By Eva Rykrsmith on October 24, 2011 3 Comments

In my last blog post, I defined the term HEROes (highly empowered resourceful operatives) and I wrote about how you can identify who your current HEROes are as well as create an environment which encourages new ones to action. As a quick recap, HEROes are your employees who go above and beyond the standard protocols to do their jobs, and this sometimes means taking initiative to use technologies that have not yet been introduced to your company through your IT department. Today I want to write about how to best manage HEROes. There is a fine line to walk between empowering front-line innovation and minimizing risk and chaos.

In some cultures, this unsanctioned use of outside technology is frowned-upon. But this will no longer be good enough. In others, especially service-oriented businesses, HEROes and the solutions they find and implement are key to success. Technological innovations are occurring exponentially, and most of us can’t keep up, let alone foresee how to harness them for process improvements in our business. So a lot of this improvisation by HEROes is happening in real time. The customer has an issue, and the employee is empowered to resolve it.

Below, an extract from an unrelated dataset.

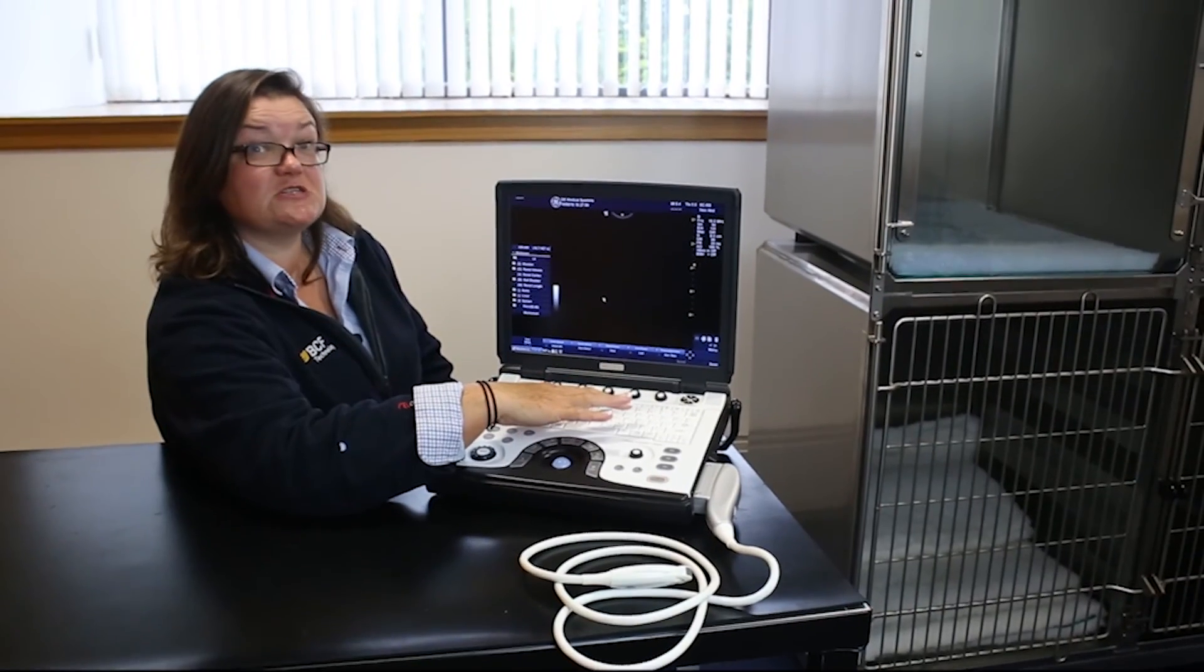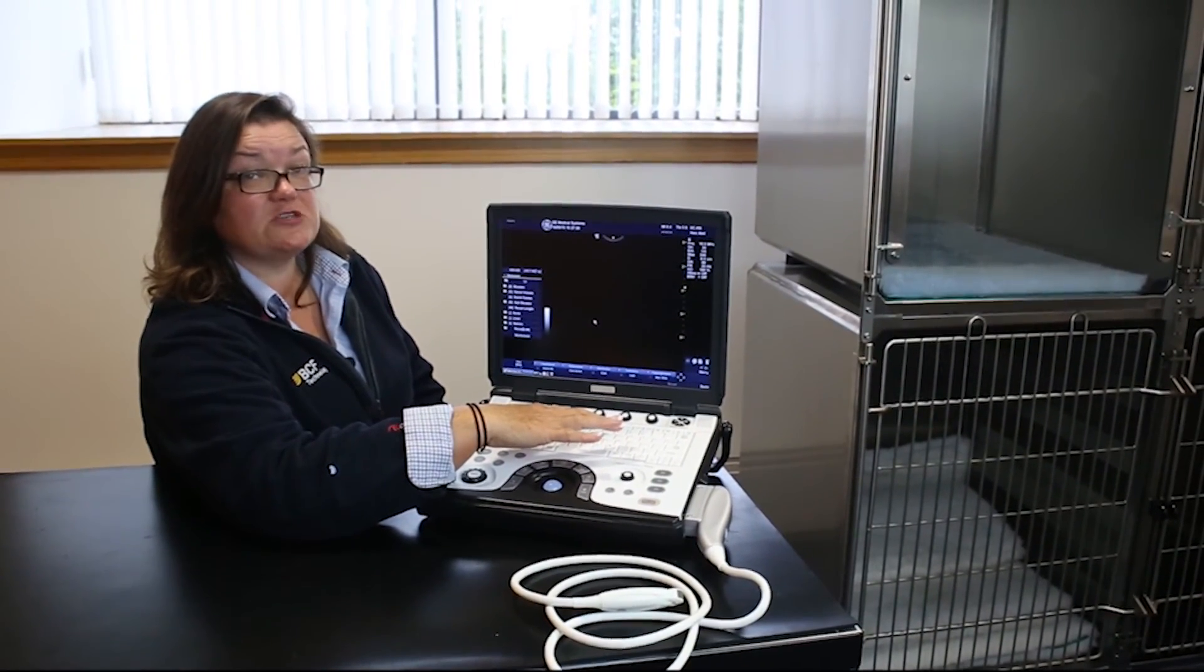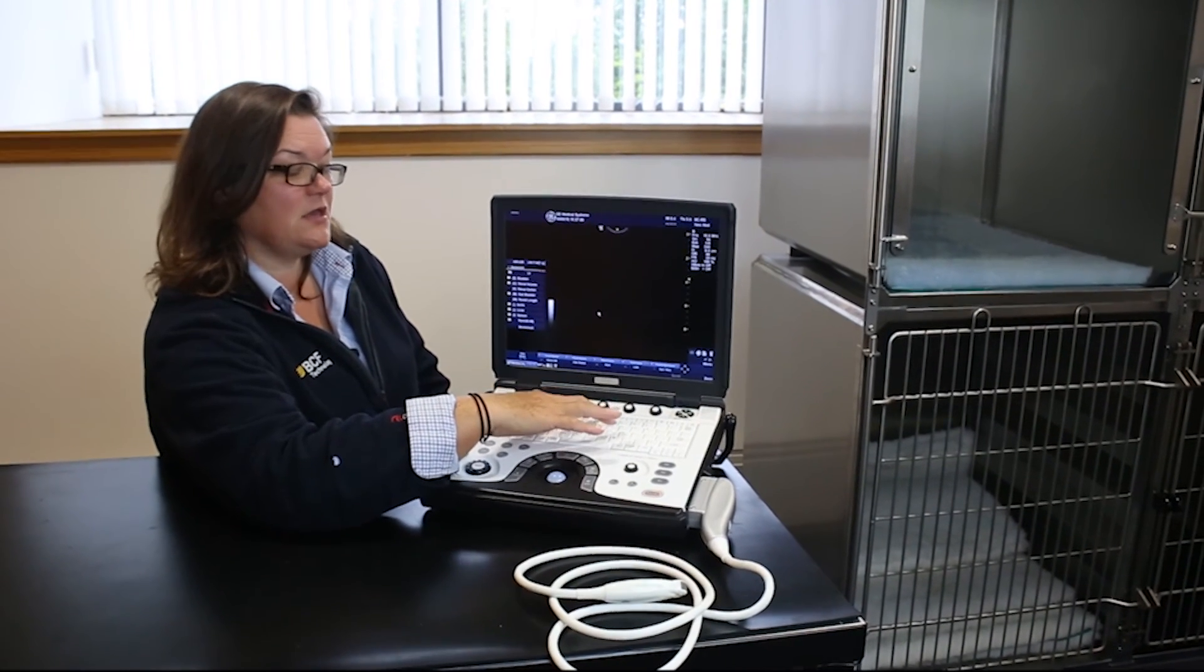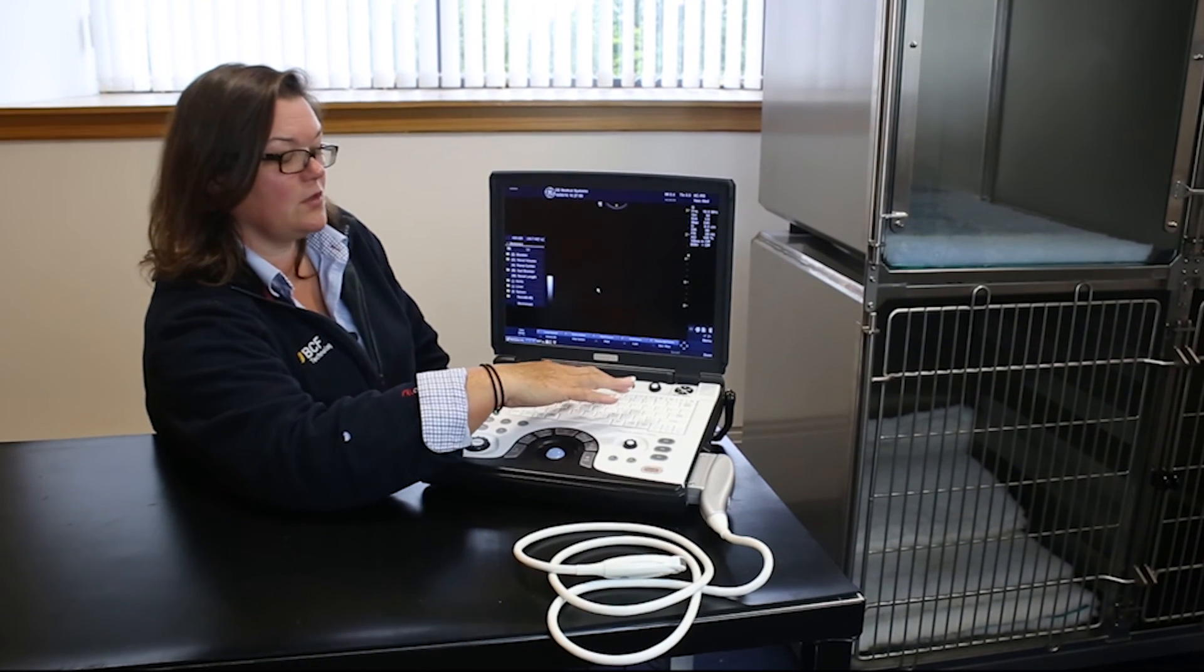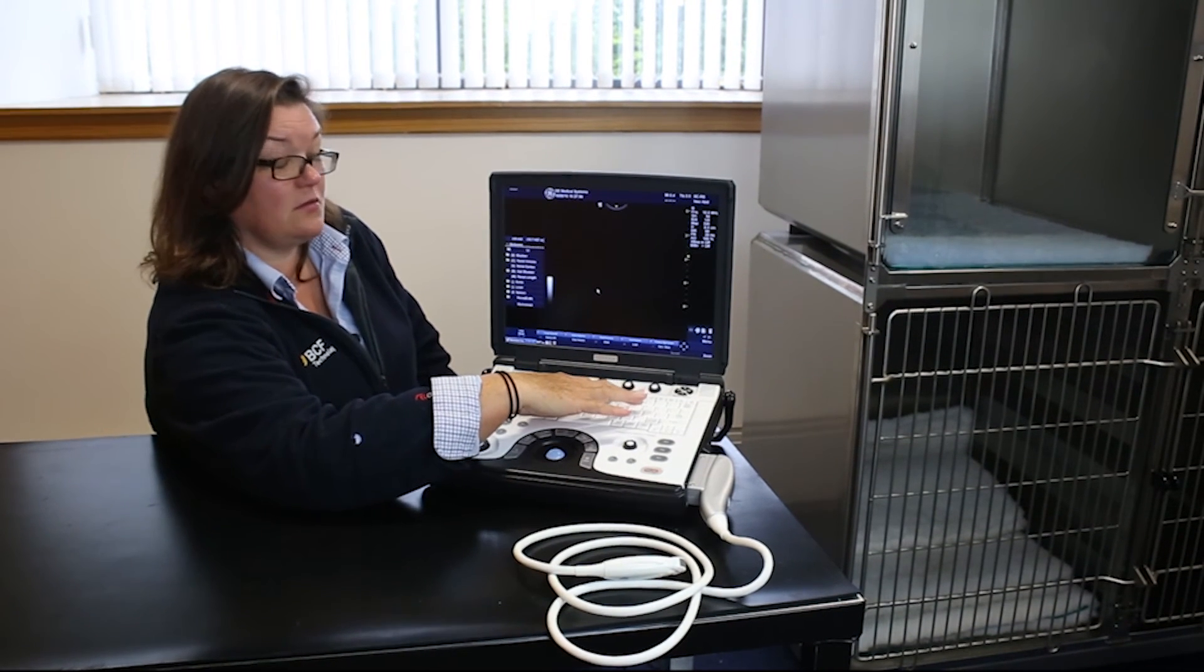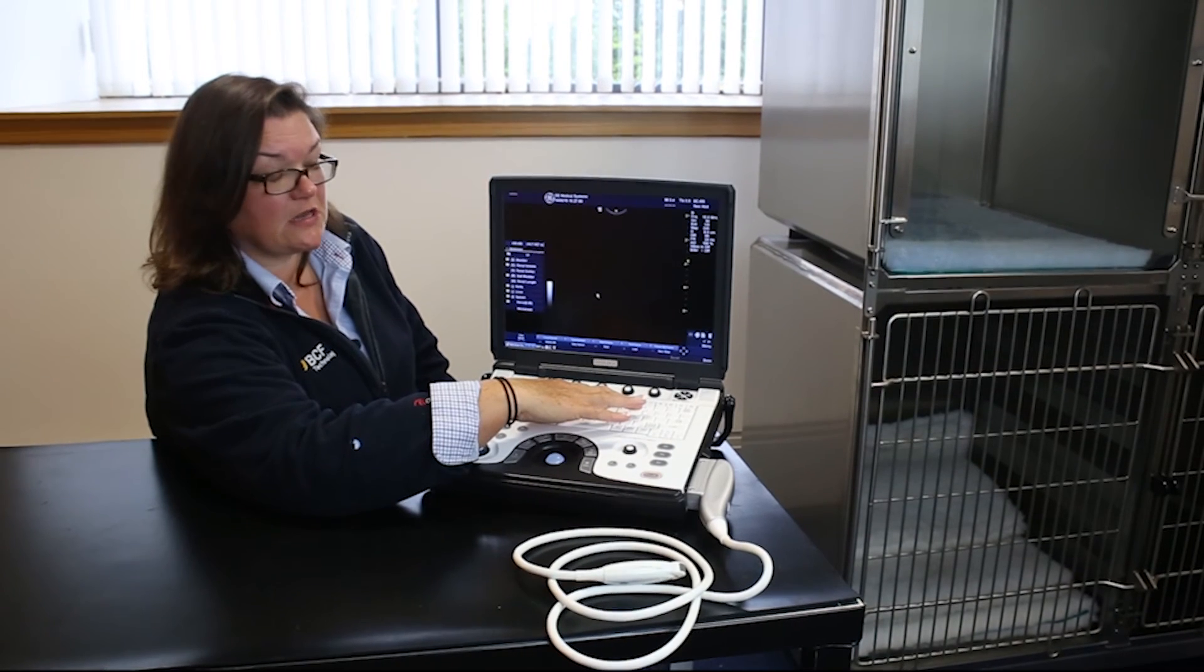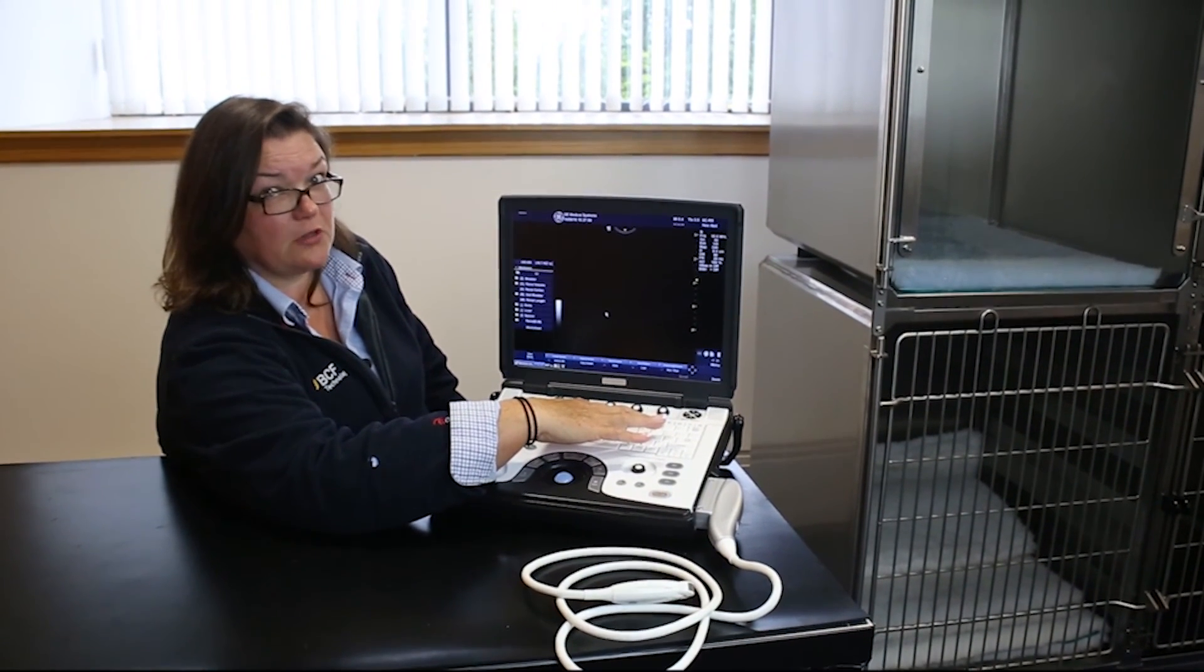The rest of the functions along the top will depend very much on what options you've taken and what's installed on your specific machine. It's possible to have 3D software, logic view, an ECG capability if you're doing cardiac scanning and also continuous wave Doppler.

Thus the first step in managing HEROes effectively is to indeed remember that you want to encourage this behavior and that it is good for the business.

Encouraging HEROes While Minimizing Chaos

  • First and foremost, innovations must benefit the business.
  • Encourage initiative; create a forum for innovators’ ideas to be heard.
  • Don’t squash half-baked ideas; involve others to improve the idea instead.
  • Create guidelines and limits for when to involve others.
  • Provide strategic direction where the company and customer needs exist.
  • At the same time, remember that HEROes may have unique insight into customer needs.
  • Steer managers, executives, and the IT department to be more open-minded.
  • Document how unsanctioned technology was used to assist a customer.
  • Look for patterns that can help your business create, improve, or scale up a new process.
  • Learn from failures; celebrate, publicize, reward, and build on successes.
  • Create case studies from both successes and failures that can become the basis for training.